→ **PROBLEM STATEMENT**: No pictures, no extra lines: copy exactly from the line with "Groléfant & Tit'Souris, Histoires (de) bêtes" through the end of the entries.

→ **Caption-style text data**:
______________________________
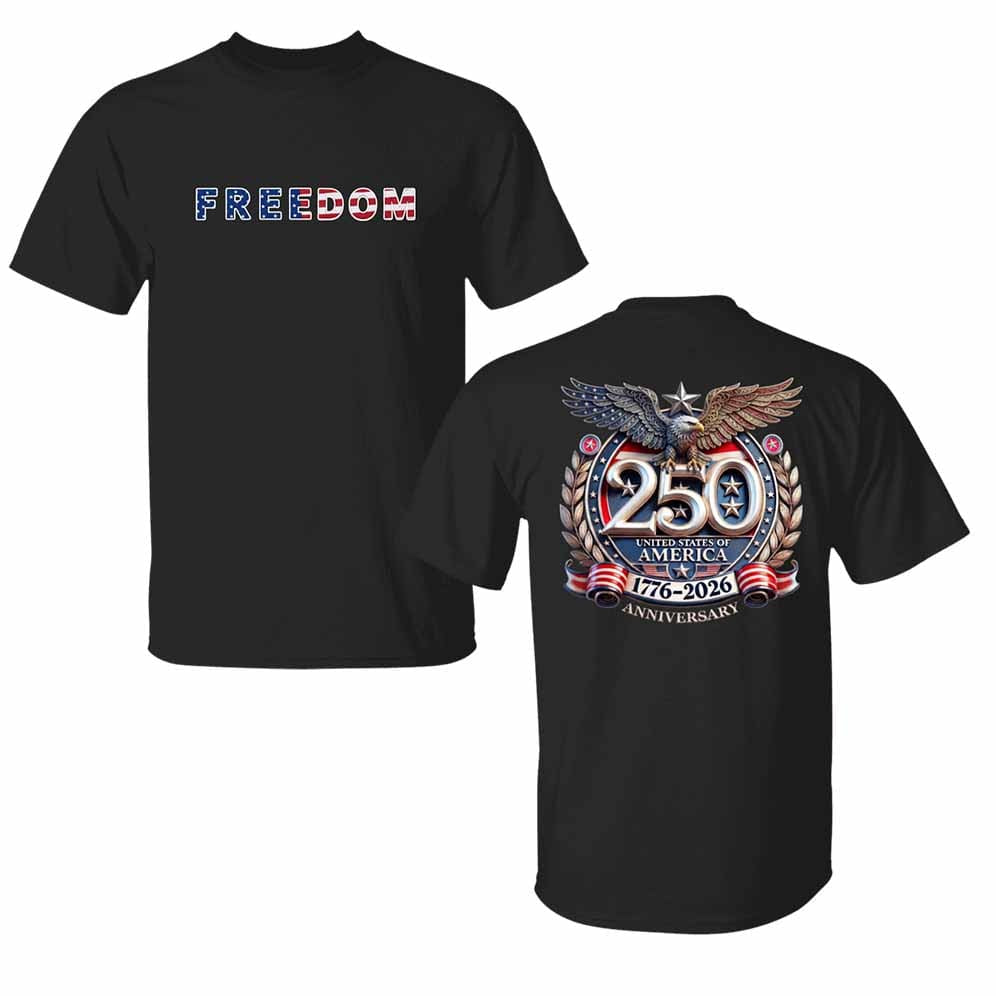 Freedom 250th Anniversary Shirt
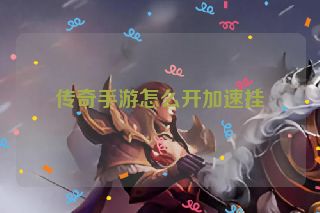 传奇手游怎么开加速挂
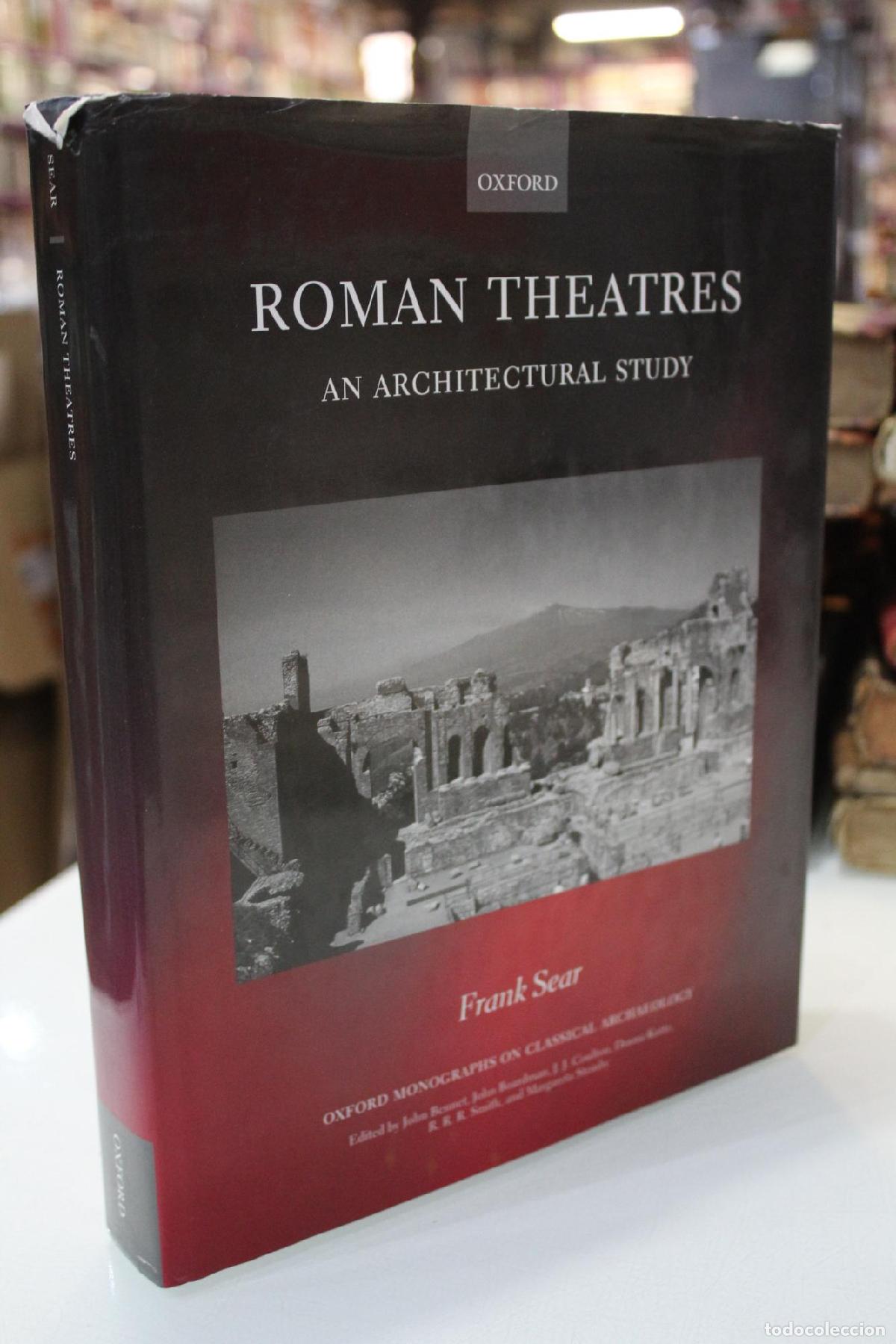 Libros de segunda mano: Roman Theatres. An Arquitectural Study. - Sear, Frank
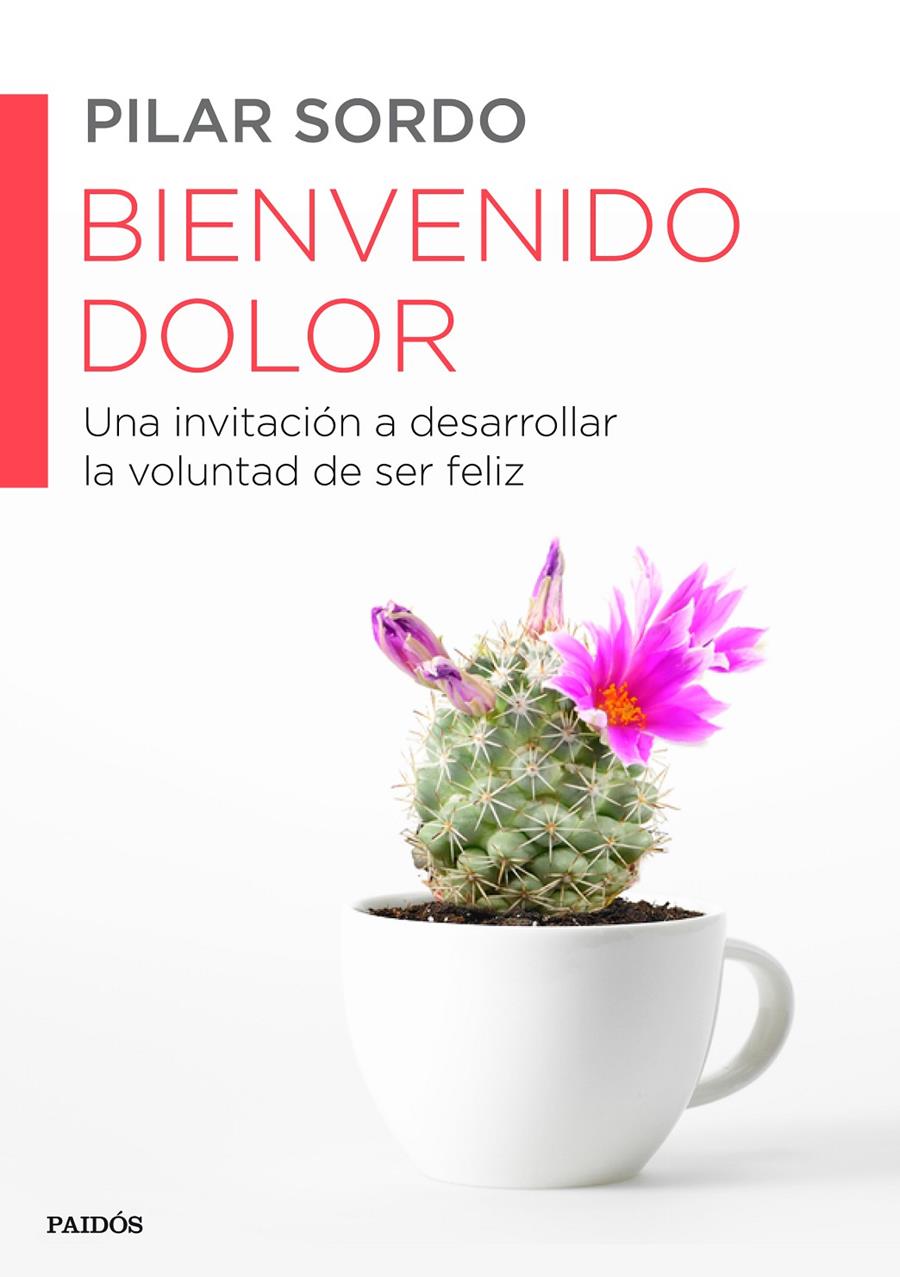 BIENVENIDO DOLOR | 9788449330537 | PILAR SORDO | Llibreria Ombra | Llibreria online de Rubí, Barcelona | Comprar llibres en català i castellà online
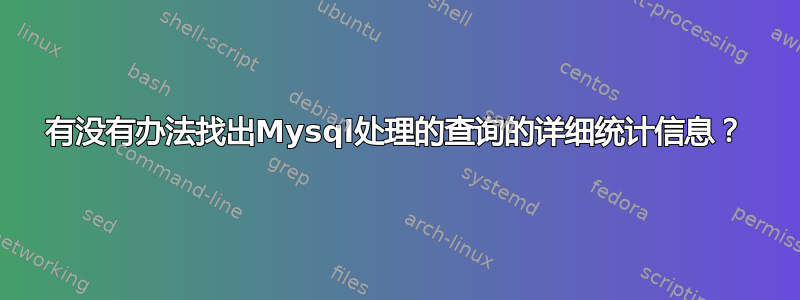 有没有办法找出Mysql处理的查询的详细统计信息？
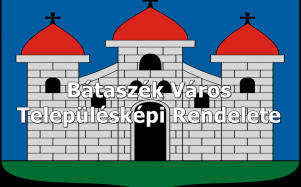 bataszek_varos_telepuleskepi_rendeletenek_4_szamu_modositasa_elozetes_tajekoztatasi_szakasz_13322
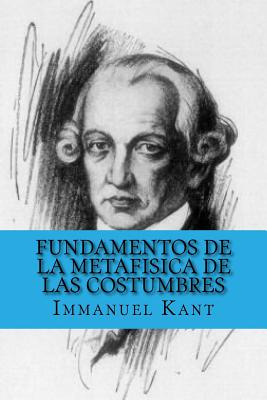 Libro Fundamentos De La Metafisica De Las Costumbres (spa...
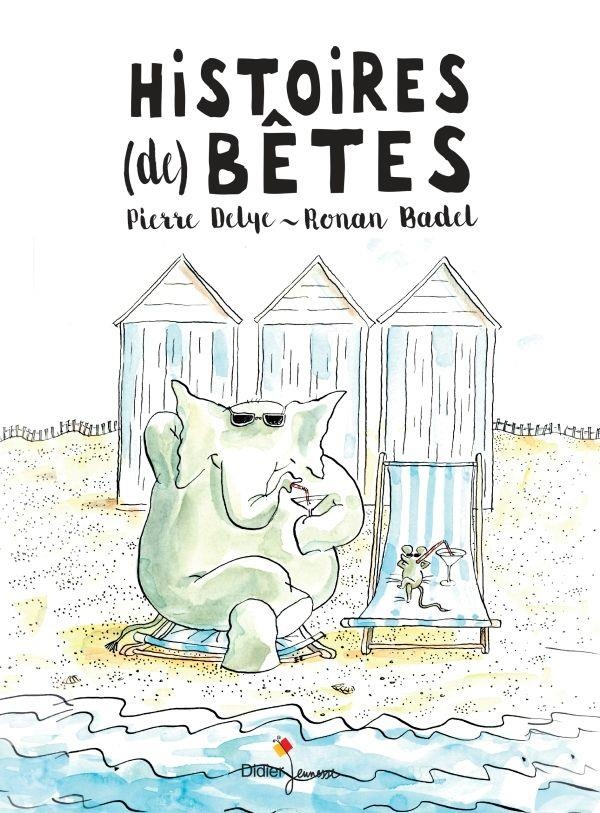 Groléfant & Tit'Souris, Histoires (de) bêtes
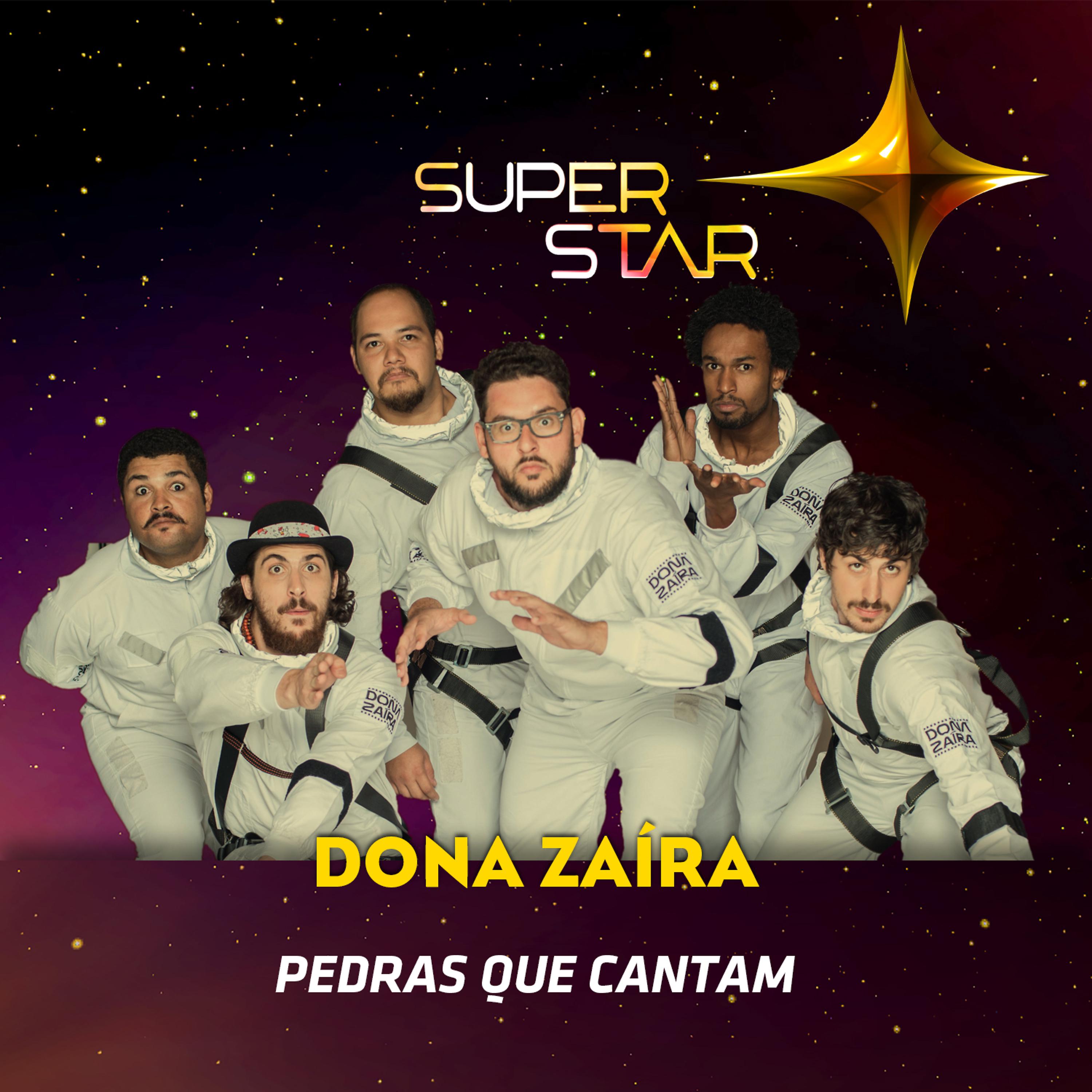 Постер альбома Pedras Que Cantam (Superstar) - Single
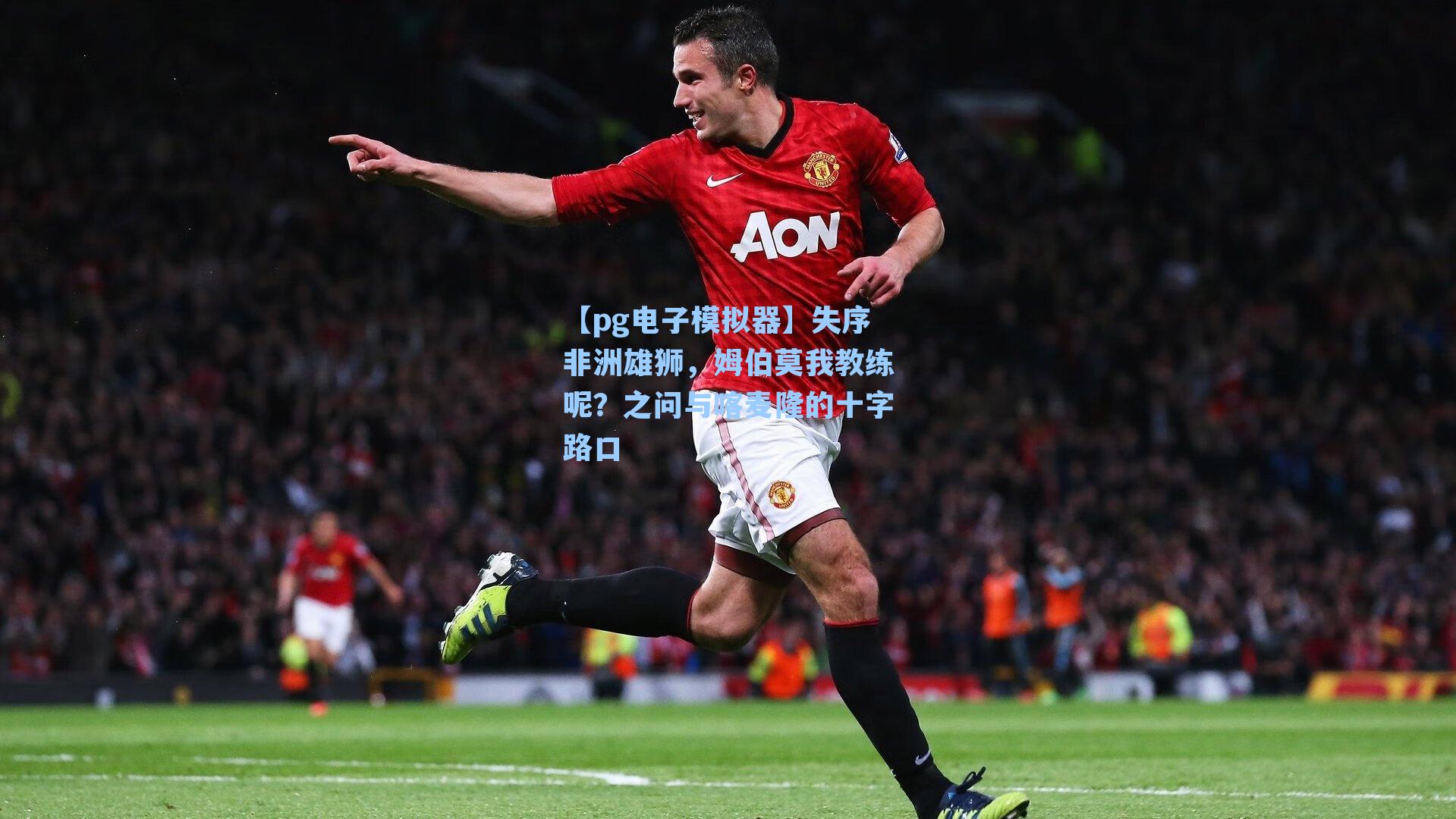 失序非洲雄狮，姆伯莫我教练呢？之问与喀麦隆的十字路口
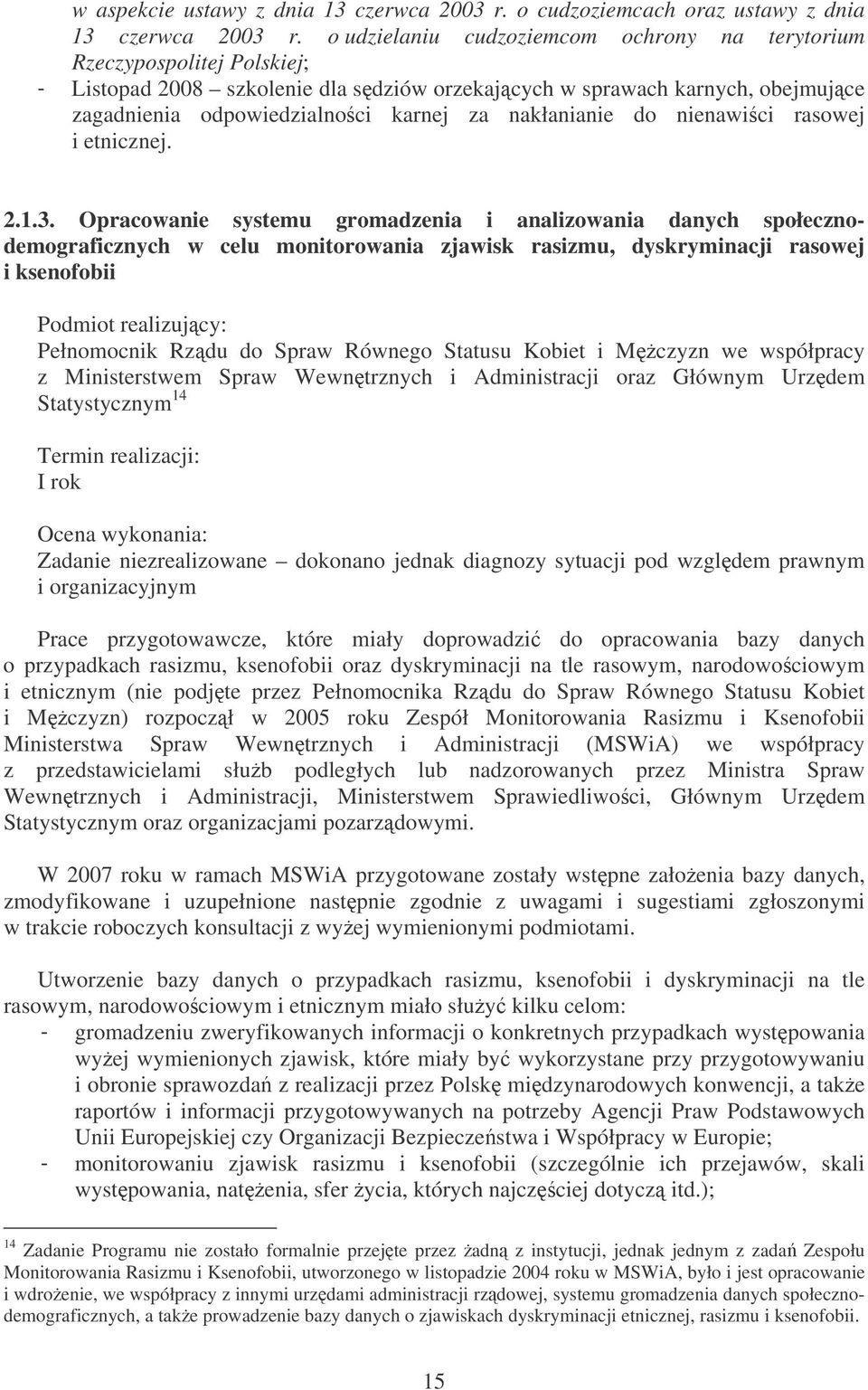 nakłanianie do nienawi ci rasowej i etnicznej. 2.1.3.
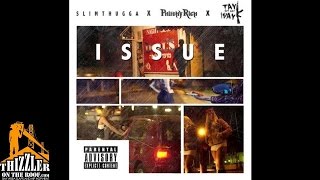 Slim Thugga X Philthy Rich x Tay Way - Issue (Prod. Moshuun) [Thizzler.com]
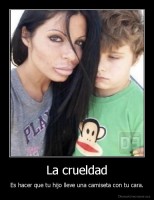 La crueldad - Es hacer que tu hijo lleve una camiseta con tu cara.
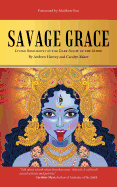 Savage Grace: Living Resiliently in the Dark Night of the Globe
______________________________
→ **WRITTEN RESPONSE**:
 Groléfant & Tit'Souris, Histoires (de) bêtes
 Постер альбома Pedras Que Cantam (Superstar) - Single
 失序非洲雄狮，姆伯莫我教练呢？之问与喀麦隆的十字路口
 nakłanianie do nienawi ci rasowej i etnicznej. 2.1.3.
 Slim Thugga X Philthy Rich x Tay Way - Issue (Prod. Moshuun) [Thizzler.com]
 La crueldad - Es hacer que tu hijo lleve una camiseta con tu cara.
 Savage Grace: Living Resiliently in the Dark Night of the Globe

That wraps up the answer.